Во-вторых, манера поведения самого Петра III - манкирование правилами придворной условности, забота о нижестоящих, проявившаяся уже во время командования им Кадетским корпусом, простота в обращении с "простыми" людьми, заинтересованность в разговорах с солдатами, появление в людных местах, на улицах без охраны и т. п. Словом, та самая "непохожесть". Наиболее четко, пожалуй, это было сформулировано в обращении пугачевского полковника И. Н. Грязнова к жителям Челябинска 8 января 1774 года. "Дворянство же, - заявлял бывший симбирский купец, - премногощедрого отца отечества, великого государя Петра Федоровича за то, что он соизволил при вступлении своем на престол о крестьянах указать, чтоб у дворян их не было во владении… изгнали всяким неправедным наведением" [81, с. 271]. Впрочем, мотив вражды дворян к царю был давним. Еще в 1747 году крестьянин Данила Юдин был арестован как автор "возмутительных писем" [191, с. 138], в которых обвинял придворных в намерении "извести великого князя Петра Федоровича" (в этом можно найти переосмысленные по-своему отзвуки конфликтов наследника с Елизаветой Петровной и ее окружением). Во всяком случае, представления о "народолюбии" Петра III были стойкими и проникли к черногорцам и чехам. М. Танович, сподвижник Степана Малого, рассказывал, как русский царь принимал его и пил за здоровье черногорцев. Заметим, что свидетельство Тановича не обязательно было выдумкой. Вспомним, что весной 1762 года в ответ на обращение черногорских митрополитов Саввы и Василия русское правительство предприняло решительный и почти мгновенный демарш в защиту прав черногорцев. Зная это, а также учитывая открытый характер Петра III, надо признать, что его встреча с Тановичем была вполне возможна.

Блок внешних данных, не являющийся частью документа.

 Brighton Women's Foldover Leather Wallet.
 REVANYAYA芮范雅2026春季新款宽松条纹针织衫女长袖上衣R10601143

Совокупность подобных фактов или, по крайней мере, слухов о простоте поведения российского императора способствовала его идеализации еще до вступления на престол. По верному наблюдению К. В. Чистова, легенда о цесаревиче-избавителе предшествовала легенде о Петре III как императоре [191, с. 139]. Взаимно напластовавшиеся и переплетавшиеся подлинные черты личности и деятельности Петра Федоровича постепенно обретали в народном сознании некую системную целостность, в проявлении которой неожиданность его свержения и последовавшая борьба в верхах за власть сыграли роль решающего катализатора.
Но на выбор центрального персонажа легенды попутное воздействие оказали и другие факторы, которые в этой связи до сих пор должным образом не учитывались. Один из них - растянувшаяся во времени и пространстве процедура присяги Петру III и неожиданно для населения страны - сменившей его Екатерине II.